Second, the substitution process under a MutSel models is not necessarily temporally homogeneous, whereas in $dN/dS$-based models, substitutions are Poisson distributed over time. As a consequence, sequence divergence will have a strong effect on inference accuracy for data generated in a MutSel framework. Indeed, $dN/dS$ can be calculated only based on the substitutions that have occurred in the sequence data examined. If, for example, sequences were not highly diverged, then $dN/dS$ estimates will be biased based on which substitutions have had an opportunity to occur. Conversely, for data simulated under a $dN/dS$ framework, which particular substitutions had a chance to occur will matter far less, as all nonsynonymous changes occur at the same rate. Because the temporal inhomogeneity of the MutSel process does not match the corresponding homogeneity of the $dN/dS$-based model process, our observed correlations between inferred and true $dN/dS$ (Figure 1) were generally lower than they would have been if sequences were simulated with a $dN/dS$-based model.

Third, because MutSel models can correspond only to sites evolving under an evolutionary equilibrium [i.e., under either purifying selection or neutral evolution where $dN/dS\le 1$ (Spielman and Wilke 2015b)], our results do not immediately apply to contexts where sequences do not evolve under equilibrium or for the specific application of positive-selection inference ($dN/dS\le 1$). For example, $dN/dS$ inference is perhaps most commonly used to study sequences evolving along a changing fitness landscape, as would be the case for viral and/or pathogen evolution (Delport et al. 2008; Murrell et al. 2012a; Demogines et al. 2013; Meyer et al. 2015; Meyer and Wilke 2015) By contrast, the MutSel model used here assumes that the fitness landscape is static across the phylogeny. As such, our results may or may not have any bearing on parameterizations used for positive-selection inference.

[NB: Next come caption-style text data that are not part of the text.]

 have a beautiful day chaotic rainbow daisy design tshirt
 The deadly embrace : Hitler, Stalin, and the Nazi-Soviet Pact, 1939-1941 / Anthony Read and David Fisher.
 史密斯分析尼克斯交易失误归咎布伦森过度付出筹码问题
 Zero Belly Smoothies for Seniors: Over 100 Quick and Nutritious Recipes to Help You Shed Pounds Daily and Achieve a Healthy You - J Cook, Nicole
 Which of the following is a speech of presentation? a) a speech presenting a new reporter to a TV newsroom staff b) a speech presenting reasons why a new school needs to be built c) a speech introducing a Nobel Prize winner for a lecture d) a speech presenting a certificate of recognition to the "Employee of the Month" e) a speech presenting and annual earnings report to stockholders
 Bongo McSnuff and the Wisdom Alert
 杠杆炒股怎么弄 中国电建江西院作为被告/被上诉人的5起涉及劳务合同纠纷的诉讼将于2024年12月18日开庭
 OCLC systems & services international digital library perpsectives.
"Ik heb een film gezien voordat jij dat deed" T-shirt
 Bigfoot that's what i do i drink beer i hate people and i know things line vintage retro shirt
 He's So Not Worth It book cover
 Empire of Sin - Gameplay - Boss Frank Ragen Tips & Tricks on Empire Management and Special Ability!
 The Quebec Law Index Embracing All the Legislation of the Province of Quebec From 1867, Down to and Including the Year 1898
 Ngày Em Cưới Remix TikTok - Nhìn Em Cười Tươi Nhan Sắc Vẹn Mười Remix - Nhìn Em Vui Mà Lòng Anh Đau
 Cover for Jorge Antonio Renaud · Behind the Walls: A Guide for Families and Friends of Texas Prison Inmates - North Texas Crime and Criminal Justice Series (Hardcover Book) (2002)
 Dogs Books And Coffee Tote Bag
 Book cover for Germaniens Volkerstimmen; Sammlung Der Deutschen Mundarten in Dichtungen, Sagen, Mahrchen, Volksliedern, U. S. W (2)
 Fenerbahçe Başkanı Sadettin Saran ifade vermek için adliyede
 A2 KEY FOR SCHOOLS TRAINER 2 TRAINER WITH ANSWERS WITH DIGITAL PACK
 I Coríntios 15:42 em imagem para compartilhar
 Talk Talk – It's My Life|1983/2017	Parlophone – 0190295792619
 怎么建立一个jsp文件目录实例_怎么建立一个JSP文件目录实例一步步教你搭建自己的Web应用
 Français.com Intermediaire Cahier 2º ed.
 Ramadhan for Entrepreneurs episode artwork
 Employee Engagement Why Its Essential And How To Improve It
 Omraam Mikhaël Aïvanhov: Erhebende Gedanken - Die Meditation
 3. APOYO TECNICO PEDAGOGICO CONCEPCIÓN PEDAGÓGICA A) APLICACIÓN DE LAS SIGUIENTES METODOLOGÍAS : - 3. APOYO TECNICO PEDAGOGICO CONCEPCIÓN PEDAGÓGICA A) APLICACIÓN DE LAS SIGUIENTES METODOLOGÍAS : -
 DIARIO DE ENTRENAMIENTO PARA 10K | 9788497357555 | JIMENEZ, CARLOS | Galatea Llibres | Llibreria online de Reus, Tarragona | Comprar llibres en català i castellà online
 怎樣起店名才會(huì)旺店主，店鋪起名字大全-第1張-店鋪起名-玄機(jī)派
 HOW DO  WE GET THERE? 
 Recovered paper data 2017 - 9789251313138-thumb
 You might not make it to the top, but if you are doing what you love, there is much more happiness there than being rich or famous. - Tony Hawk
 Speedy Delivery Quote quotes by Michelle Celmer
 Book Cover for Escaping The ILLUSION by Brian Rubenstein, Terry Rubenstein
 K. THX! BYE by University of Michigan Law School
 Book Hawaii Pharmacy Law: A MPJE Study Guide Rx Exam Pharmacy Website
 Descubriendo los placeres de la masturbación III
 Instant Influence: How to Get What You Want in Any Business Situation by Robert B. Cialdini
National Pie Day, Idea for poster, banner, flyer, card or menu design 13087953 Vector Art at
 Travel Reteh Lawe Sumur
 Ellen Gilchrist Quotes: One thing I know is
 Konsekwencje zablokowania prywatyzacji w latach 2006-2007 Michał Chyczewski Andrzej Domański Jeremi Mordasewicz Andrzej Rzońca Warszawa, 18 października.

Finally, our codon bias simulations assumed that $d_{\mathrm{S}}$ variation was driven by selection on synonymous codons. In other circumstances, synonymous rate variation might emerge when a given gene contains mutational hotspots, e.g., regions with a strongly elevated nucleotide mutation rate. In such circumstances, it is possible that a two-rate model would outperform a one-rate model if the variation in mutational processes were sufficiently large (Kosakovsky Pond and Frost 2005).

Our results build on the well-documented time dependency of the $dN/dS$ metric, a phenomenon studied primarily in the context of polymorphic data (Rocha et al. 2006; Kryazhimskiy and Plotkin 2008; Wolf et al. 2009; Mugal et al. 2014; Meyer et al. 2015). Our results extend these findings and indicate that this time dependency is more general and pertains also to circumstances where the data contain only fixed differences. This finding makes intuitive sense: As divergence increases, sites will be more likely to visit the full range of selectively tolerated states, at which time the long-term evolutionary constraints will become apparent. It is therefore likely that most $dN/dS$ measurements will be biased by time to some degree, even if all differences are fixed and not polymorphic. Our results suggest that this bias can be ameliorated by focusing data set collection to include fewer, more divergent sequences rather than as many sequences as one can obtain. Increasing the number of taxa in a given analysis may be beneficial only if the new sequences are substantially diverged from the existing sequences. These findings should also inform studies that seek to relate site-specific protein evolutionary rate (i.e., $dN/dS$) to structural properties, such as relative-solvent accessibility or weighted contact number (Echave et al. 2016). Our findings predict that more diverged data sets should provide more meaningful information about long-term evolutionary constraints, which structural quantities reflect.